- _About this exercise_
What you return must match the listing below line for line, minus its pictures.

- _Collected material_
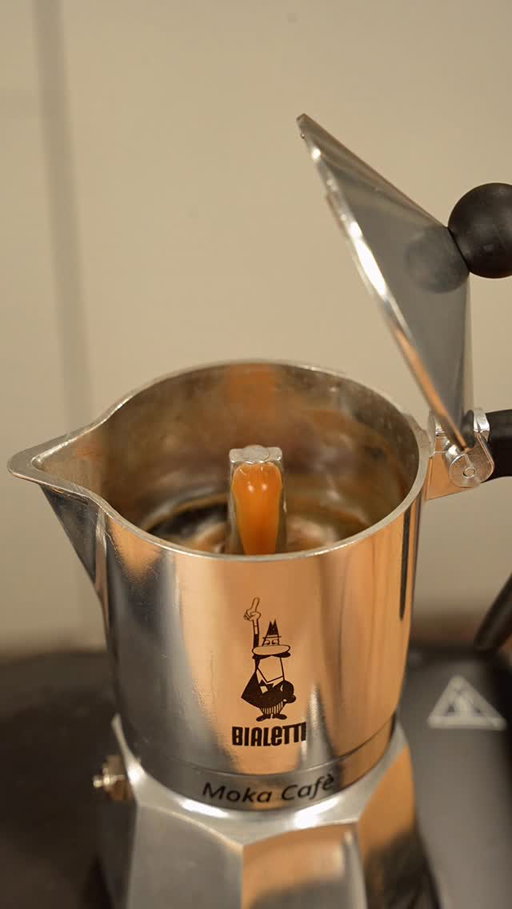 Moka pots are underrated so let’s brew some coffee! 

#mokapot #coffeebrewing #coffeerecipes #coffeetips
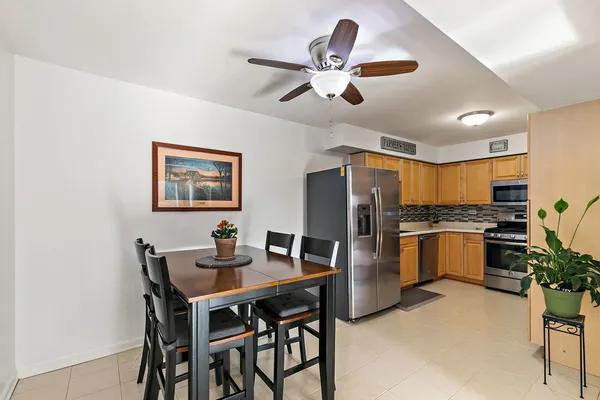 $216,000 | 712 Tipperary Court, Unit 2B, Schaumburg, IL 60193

- _Answer space_
 Moka pots are underrated so let’s brew some coffee! 

#mokapot #coffeebrewing #coffeerecipes #coffeetips
 $216,000 | 712 Tipperary Court, Unit 2B, Schaumburg, IL 60193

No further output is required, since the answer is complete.